馬場 勉のコラム
『自今生涯』
産地偽装はダメ
週末になると天気が定まらず、予定変更を余儀なくされる機会が多かったのが、今年の夏頃からの気候だったが、すでに 11 月も初旬。寒さが身に堪えるようになった。天気も秋本番になったから、これからの天気は安定するであろう。
昨今の世の中を賑あわせているのは、暴力団への迂回融資の問題。なかなか懲りない面々で、保身に懸命なエライさん達の言動はいやになる。出処進退の潔さがない。嵐の過ぎ去るのを待っているというところである。世間の噂も七十五日というから。金融庁は、大手 3 行を一斉検査に入った。何が出てくるのやら興味は沸くが、信用第一で銀行業務をやってほしいものだ。
ただ、テレビで写る顔を見ると俗にいうオーラがない。大企業の課長さんか、部長さんという感じで頭取等として人心を掌握するには力不足と思える。大手銀行では、プロパーの有名大学卒で仲間同士の出世コースに勝つことがトップになれる要件のようである。田舎の同族企業のオーナー社長を低く見る面があるように思われる。いい例が、林原事件(林原健さんと、林原靖さん兄弟)で見られるように、田舎者と軽んじて最後は徹底的に潰しにかかったということだろう。
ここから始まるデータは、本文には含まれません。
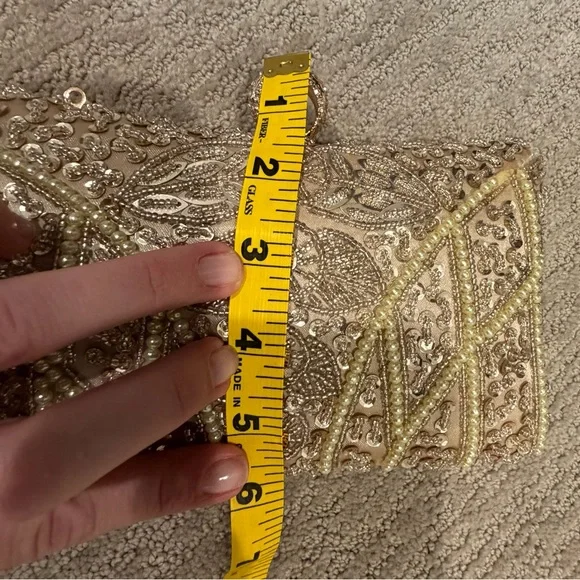 Embellished Beaded Champagne Evening Clutch - Picture 10 of 12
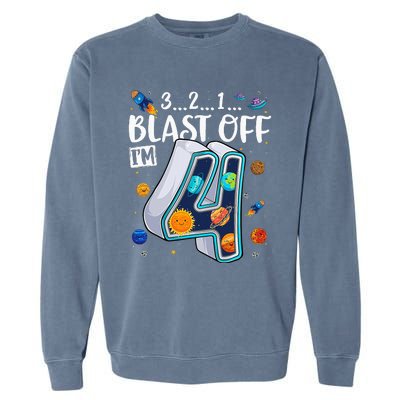 Solar System Planets Four 4 Years Old 4th Birthday Garment-Dyed Sweatshirt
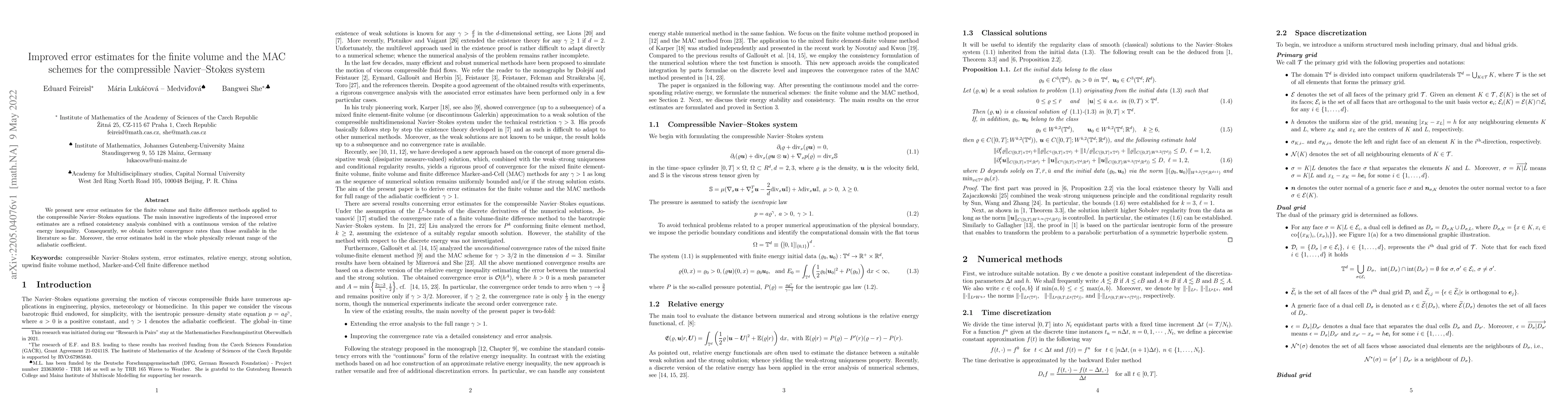 Thumbnail for Improved error estimates for the finite volume and the MAC schemes for
  the compressible Navier-Stokes system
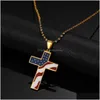 Pendant Necklaces American Usa Flag Cross Necklace Stars Stripes Enamel Jesus Religion Christian Jewelry Drop Delivery Pendants Dhezh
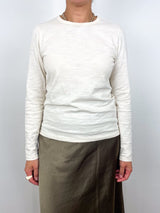 L/S Crew Back Seam in Stone - The Shoe Hive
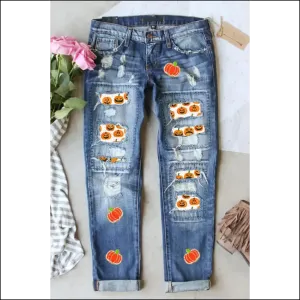 Spooktacular Style Unleashed: Distressed Pumpkin Jeans for Fashion Ghouls! 🎃👖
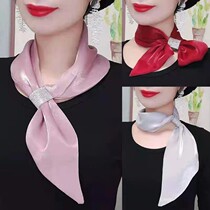 Neck Guard Jack Silk Scarf Woman Small Strip Mesh Red Identical Flash Drill Scarf Korean version 100 lap fall sunscreen Neck Protection Collar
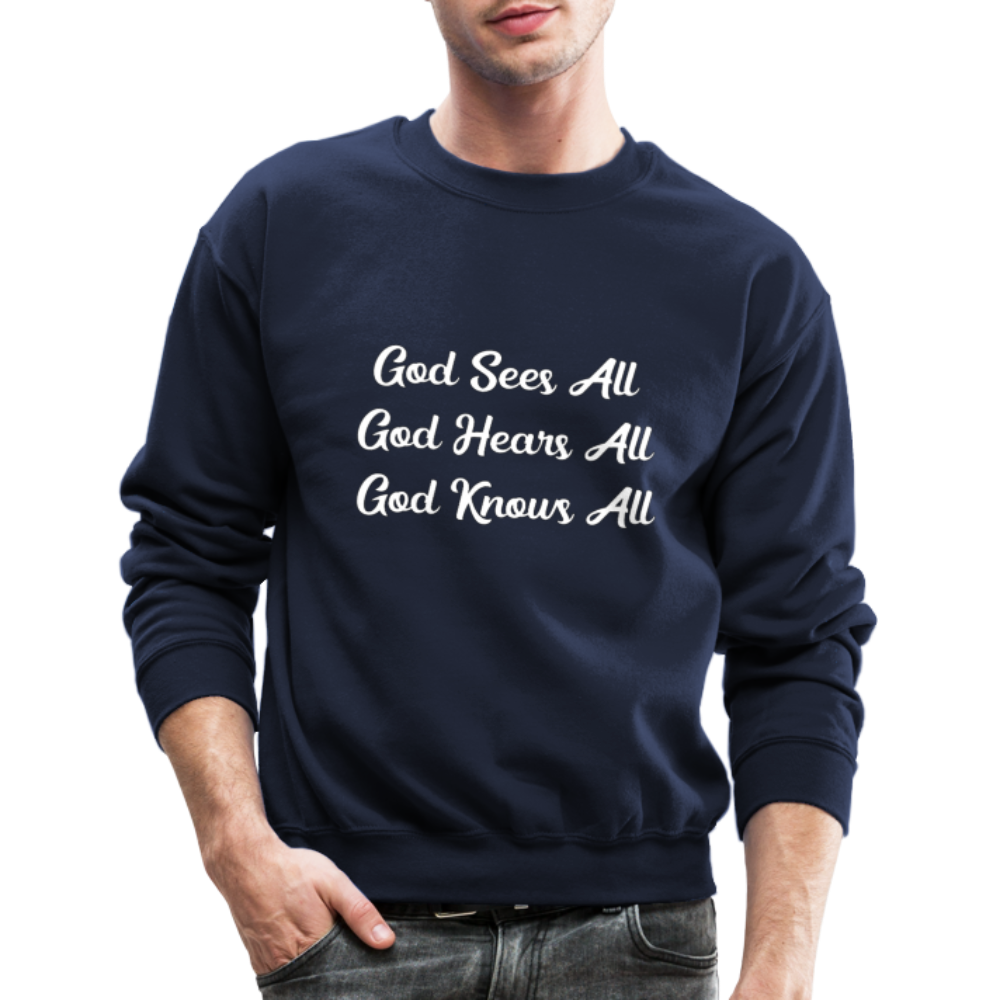 God Sees, Hears, Knows All - navy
もう一つ、新聞などマスコミが大々的に報じているのが有名レストランなどが一般人(食事をする人)を欺いてメニューと違うものを出す。例えば、車海老がブラックタイガーになったり、九条ネギがただのネギだったり、ステーキが外国産の成型肉だったりと本当に人をナメテイルのかと思う。表面に出ていない案件はもっと多いだろうから、まだまだ顕在化するだろう。
偽装というよりサギ行為である。本物と偽って安いものを食べさせる、あるいは、売りつけることは 2,000 円ポッキリの居酒屋ならいざ知らず、のれんを張って堂々と偽装の商売をするに至っては困ったことである。有名ブランドの食材を使っているというデパート・レストランやホテルが、国民に疑心暗鬼の念をいだかせることは許せないことだ。
特筆すべきは、岡山の農産物直売所「産直市場おく」では、テナントとして入居していた鮮魚販売店が、瀬戸内海で取れた地物とはまったく違う輸入アナゴ等を偽装販売していた。中国産や韓国産を地元産と偽ったり、養殖物を天然物として販売したりで、単なる偽装行為では収まらず、食の安全・安心を脅かす見過ごし難い行為と判断され、悪質な不正競争防止法違反(偽装表示)容疑で逮捕された。内容はサギであるが、犯罪の構成要件の立証が難しいから特別法により立件をするということだが、一度犯罪もどきをやると再起はかなり難しくなり、廃業の憂き目をみることになりかねない。最初は軽い気持で始めても、段々と大胆になるものである。心すべきである。